Short jokes
Why do witches wear name tags?
So they know which witch is which!
American soldier: "Did you come here to die?"
Australian soldier: "Nah mate, I came 'ere yesterdie."
What do birds and planes have in common?
They both fly into building windows.
I used to think that I had a Japanese friend, but it was just my imagi-asian.
What’s the most played song in Africa?
Have you ever seen the rain?
What is the most famous dish in Africa?
Don't know, they haven't tried it yet.
I got, I got, I got royalty inside my penis, or however the song goes.
Why couldn't George Floyd become a Demon Slayer?
Because he couldn't breathe.
Why does Santa come down the chimney? Because he knows he isn't allowed to come in the back door.
What is the speed limit for sex? 68, because if you go any faster, you’ll have to turn around.
Roses are red, violets are blue. Don't touch the beds, they are sticky with white goo.
What's an upside of being an orphan?
You'll never get grounded again.
What is the female version of t-bagging? A clam slapping.
What do you say to a feminist with no arms and no legs?
"Nice tits, bitch."
What do you call an under-the-weather seven?
A sick seven.
When the priest said, "Be gone from this boy, demon!" the demon replied, "And you get out of the boy!"

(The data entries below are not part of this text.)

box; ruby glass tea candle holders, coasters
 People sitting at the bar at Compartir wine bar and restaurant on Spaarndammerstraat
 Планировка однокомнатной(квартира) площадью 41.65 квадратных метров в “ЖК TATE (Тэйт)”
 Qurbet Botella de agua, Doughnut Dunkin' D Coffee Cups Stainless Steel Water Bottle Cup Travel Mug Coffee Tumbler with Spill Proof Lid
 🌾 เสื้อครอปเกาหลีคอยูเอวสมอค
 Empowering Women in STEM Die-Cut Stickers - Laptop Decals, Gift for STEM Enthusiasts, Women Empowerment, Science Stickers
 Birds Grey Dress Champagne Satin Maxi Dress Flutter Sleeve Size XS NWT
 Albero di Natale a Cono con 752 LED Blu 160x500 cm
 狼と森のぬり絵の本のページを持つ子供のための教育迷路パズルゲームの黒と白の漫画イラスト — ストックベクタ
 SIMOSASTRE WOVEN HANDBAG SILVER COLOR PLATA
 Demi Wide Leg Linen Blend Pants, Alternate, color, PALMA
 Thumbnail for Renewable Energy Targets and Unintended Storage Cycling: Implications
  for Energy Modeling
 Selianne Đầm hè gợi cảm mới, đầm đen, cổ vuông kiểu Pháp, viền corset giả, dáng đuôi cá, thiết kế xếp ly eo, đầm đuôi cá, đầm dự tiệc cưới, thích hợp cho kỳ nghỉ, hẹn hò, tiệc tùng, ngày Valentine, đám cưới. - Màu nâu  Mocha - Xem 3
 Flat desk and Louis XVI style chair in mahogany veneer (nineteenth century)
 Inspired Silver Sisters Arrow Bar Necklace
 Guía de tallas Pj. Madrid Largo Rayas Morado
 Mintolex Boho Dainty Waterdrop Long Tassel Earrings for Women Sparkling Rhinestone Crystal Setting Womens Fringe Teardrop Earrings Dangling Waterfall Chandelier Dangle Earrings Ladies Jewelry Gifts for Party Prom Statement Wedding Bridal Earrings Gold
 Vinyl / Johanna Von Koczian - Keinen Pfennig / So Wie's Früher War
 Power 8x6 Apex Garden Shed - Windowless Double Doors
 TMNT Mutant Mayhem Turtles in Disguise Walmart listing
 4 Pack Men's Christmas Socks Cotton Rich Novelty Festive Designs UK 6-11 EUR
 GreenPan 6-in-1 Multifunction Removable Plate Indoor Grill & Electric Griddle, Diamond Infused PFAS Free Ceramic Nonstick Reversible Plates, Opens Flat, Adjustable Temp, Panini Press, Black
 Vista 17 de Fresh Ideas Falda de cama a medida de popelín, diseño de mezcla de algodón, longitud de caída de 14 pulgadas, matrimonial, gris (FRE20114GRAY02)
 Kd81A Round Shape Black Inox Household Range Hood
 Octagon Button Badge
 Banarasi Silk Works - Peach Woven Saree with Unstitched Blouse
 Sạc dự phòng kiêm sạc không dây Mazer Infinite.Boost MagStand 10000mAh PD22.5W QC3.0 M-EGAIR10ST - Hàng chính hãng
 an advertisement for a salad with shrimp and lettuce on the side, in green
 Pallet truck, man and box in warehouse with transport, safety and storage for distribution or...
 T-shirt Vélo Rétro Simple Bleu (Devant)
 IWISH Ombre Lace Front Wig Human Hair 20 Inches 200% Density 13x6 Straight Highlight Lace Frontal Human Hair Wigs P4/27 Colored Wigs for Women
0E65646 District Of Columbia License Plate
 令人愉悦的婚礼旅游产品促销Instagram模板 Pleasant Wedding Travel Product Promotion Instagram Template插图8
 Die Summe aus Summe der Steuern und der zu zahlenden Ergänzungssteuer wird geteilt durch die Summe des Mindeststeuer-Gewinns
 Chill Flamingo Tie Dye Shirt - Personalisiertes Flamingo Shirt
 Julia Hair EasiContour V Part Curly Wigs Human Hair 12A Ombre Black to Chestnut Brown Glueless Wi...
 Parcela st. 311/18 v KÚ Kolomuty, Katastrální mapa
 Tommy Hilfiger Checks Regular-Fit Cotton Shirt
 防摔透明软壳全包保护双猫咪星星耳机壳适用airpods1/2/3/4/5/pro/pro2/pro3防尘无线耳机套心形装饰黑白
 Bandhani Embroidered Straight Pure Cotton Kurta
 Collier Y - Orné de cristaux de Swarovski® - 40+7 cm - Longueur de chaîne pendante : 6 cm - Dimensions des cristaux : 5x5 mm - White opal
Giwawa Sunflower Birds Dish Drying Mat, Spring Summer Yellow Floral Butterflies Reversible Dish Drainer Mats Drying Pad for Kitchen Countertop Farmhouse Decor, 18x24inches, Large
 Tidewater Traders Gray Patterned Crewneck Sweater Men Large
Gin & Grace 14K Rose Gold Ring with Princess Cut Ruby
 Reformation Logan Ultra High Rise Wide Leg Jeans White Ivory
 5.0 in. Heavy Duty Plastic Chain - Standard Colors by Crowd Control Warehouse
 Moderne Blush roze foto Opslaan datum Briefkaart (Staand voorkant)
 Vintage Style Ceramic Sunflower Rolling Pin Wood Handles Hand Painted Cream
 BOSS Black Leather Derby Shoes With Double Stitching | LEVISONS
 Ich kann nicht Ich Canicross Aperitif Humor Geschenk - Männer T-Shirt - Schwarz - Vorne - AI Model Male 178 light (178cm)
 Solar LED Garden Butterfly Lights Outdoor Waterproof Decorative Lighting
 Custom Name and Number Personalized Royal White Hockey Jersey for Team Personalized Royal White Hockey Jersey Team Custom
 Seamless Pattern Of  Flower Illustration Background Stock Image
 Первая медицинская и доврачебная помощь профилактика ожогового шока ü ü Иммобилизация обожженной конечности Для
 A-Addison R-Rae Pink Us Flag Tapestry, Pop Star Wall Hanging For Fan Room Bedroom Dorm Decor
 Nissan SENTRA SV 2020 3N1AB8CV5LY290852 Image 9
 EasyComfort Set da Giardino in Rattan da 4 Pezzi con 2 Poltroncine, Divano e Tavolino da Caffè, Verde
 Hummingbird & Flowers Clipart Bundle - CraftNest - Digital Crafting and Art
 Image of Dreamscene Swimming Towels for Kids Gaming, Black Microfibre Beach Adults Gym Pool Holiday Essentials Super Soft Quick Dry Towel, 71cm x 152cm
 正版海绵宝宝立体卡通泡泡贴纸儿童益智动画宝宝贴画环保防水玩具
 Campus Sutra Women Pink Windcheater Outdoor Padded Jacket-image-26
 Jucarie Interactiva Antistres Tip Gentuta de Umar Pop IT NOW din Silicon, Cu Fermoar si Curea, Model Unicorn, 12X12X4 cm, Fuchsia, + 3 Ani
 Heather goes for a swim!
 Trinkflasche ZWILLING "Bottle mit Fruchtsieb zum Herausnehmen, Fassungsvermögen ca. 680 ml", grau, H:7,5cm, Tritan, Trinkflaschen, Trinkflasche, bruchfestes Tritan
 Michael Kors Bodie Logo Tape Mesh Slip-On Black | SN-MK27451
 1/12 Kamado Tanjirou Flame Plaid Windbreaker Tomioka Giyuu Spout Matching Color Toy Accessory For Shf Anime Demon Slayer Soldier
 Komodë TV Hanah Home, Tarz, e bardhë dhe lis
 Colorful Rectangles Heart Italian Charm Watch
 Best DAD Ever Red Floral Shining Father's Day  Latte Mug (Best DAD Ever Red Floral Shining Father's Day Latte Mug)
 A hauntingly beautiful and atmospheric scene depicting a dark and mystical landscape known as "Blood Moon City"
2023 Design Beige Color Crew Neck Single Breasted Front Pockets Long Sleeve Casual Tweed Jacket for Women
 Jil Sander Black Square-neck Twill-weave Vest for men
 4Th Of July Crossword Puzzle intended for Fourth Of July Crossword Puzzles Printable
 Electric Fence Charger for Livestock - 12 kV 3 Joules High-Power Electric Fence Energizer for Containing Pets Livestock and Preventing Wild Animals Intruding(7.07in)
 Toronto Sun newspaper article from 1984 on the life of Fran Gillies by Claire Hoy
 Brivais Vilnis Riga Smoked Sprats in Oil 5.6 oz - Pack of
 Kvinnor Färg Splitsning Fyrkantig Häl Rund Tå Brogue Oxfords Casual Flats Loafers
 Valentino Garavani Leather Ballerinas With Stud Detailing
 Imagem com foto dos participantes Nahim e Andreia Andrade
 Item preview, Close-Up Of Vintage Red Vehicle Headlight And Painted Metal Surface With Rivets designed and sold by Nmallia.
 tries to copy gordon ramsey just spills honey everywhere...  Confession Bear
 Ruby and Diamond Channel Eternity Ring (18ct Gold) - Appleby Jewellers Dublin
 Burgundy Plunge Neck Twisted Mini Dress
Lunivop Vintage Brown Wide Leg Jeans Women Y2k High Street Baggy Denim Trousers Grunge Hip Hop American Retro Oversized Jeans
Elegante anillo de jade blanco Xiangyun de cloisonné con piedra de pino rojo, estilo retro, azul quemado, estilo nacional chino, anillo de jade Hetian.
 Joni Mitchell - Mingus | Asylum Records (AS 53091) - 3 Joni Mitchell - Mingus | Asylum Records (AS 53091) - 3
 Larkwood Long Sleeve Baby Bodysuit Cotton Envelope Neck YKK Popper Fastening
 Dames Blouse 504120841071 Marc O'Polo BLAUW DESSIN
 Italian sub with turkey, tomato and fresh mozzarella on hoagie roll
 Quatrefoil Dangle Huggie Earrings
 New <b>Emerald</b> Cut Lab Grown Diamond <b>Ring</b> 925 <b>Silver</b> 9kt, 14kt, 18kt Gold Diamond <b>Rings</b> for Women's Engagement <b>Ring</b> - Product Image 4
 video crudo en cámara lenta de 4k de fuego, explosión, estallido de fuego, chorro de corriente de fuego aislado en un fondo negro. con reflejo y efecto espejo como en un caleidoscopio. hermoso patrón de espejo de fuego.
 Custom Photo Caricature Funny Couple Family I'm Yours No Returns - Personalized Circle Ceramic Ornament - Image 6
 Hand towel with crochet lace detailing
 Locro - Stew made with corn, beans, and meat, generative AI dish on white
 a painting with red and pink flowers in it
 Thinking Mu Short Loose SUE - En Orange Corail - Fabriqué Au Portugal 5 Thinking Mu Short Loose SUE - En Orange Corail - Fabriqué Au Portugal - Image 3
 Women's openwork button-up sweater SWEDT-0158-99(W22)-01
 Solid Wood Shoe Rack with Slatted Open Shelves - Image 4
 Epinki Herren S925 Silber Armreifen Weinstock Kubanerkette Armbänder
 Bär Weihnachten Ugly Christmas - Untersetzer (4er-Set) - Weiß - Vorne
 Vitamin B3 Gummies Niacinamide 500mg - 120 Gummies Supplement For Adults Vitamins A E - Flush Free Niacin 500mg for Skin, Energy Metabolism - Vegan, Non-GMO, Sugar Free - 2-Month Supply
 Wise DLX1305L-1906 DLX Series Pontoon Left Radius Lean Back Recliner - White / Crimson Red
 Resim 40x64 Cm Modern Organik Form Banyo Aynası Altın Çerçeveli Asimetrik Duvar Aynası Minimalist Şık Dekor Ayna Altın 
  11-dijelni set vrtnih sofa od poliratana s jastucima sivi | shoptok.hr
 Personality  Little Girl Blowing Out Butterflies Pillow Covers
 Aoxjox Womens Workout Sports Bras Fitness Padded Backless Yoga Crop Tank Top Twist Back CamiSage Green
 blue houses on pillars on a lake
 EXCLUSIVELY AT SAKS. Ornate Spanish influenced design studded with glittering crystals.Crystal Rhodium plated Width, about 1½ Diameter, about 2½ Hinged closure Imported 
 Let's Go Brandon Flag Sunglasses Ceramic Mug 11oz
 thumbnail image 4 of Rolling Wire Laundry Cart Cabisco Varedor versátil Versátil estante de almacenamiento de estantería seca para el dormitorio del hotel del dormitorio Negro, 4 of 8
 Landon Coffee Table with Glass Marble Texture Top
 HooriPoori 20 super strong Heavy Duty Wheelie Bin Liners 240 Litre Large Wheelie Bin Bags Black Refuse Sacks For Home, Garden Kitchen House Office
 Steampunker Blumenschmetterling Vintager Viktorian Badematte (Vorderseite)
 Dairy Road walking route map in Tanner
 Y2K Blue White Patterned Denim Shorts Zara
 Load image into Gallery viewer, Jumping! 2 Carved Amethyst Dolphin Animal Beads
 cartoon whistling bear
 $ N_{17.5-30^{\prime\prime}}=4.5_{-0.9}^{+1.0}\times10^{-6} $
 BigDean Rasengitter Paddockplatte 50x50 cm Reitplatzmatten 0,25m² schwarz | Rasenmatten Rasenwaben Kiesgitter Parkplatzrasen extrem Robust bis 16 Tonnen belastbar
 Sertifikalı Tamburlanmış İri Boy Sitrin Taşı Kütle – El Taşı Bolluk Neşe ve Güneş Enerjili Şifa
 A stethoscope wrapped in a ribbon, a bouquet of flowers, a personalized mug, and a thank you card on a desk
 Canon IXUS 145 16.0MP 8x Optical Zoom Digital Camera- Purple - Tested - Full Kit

A little boy asked his father, "Daddy, how much does it cost to get married?"Father replied, "I don't know, son. I'm still paying."
What's the difference between a Corvette and a pile of dead babies?
I don't have a Corvette in my garage.
What was Jesus's favorite sport?
Lacrosse.
What's the difference between a grenade and your wife? There's none. Take out the ring and half of the house is gone.